Arnault is married to a member of the Swedish Academy which selects the Nobel Literature Prize winner, with the scandal prompting the postponement of this year's award.
The scandal erupted in November 2017, one month after rape and sexual abuse accusations surfaced against Hollywood mogul Harvey Weinstein.
At the time, Swedish daily Dagens Nyheter published the testimonies of 18 women claiming to have been raped, sexually assaulted or harassed by Arnault, who had close ties to the Academy.
- Discredited, divided -
The Frenchman ran the Forum club, which he founded in 1989 as a meeting place for the cultural elite and which was popular among aspiring young authors hoping to make contact with publishers and writers.
The Swedish Academy, which funded his club for years, has 18 members who are elected for life and Arnaut often referred to himself as its ‘19th member’.
But the revelations have left the prestigious body deeply divided over how to manage its ties with him and his wife, poet Katarina Frostenson.
Eight of its members have either resigned or are on leave, and several of them regularly trade ugly barbs via the media.
Discredited and without a quorum to make key decisions, the Academy postponed the announcement of the 2018 Nobel Literature Prize for the first time in 70 years.

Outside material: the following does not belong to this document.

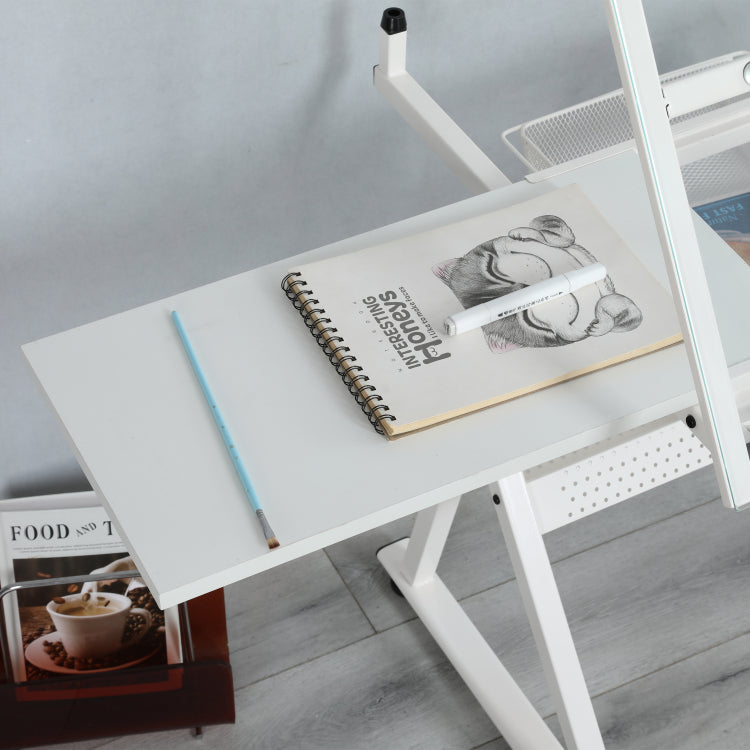 White Adjustable Tempered Glass Drafting Printing Table With Chair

‘It is great that justice has been served and that the court noted the gravity of such (Arnault's) crimes,’ Peter Englund, who stepped down from the Academy in April, told the TT news agency.
- 'Intense fear' -
Prosecutors investigating the allegations against Arnault dropped several of them due to lack of evidence or because the statute of limitations had expired.
The two counts of rape involved one woman.
According to the prosecution, Arnault allegedly forced the woman -- who was in a state of ‘intense fear’ -- to have oral sex and intercourse in a Stockholm apartment on October 5, 2011.
He was also accused of raping her during the night of December 2-3 while she was asleep but the court found there was insufficient evidence to convict him on that charge.
The trial was heard behind closed doors to protect the victim, whose identity has not been disclosed.
Arnault has maintained his innocence from the start. He has been held in preventive custody since the end of his trial on September 24 and will remain in jail until the formal start of his sentence, the court said.
- Culture of silence -
His accusers claim the Swedish Academy was well aware of his behaviour, and blame the institution for having helped create a ‘culture of silence’ that pervaded Sweden's cultural circles.
An internal Academy probe concluded there were conflicts of interest between Arnault and the Academy, and that several female Academy members and people close to them had been harassed or assaulted by the Frenchman.
It also found he had leaked the names of Nobel literature laureates to his friends on several occasions.
According to the Svenska Dagbladet daily, Arnault was born in Marseille in 1946 to Russian refugee parents and came to Sweden in the late 1960s to study photography.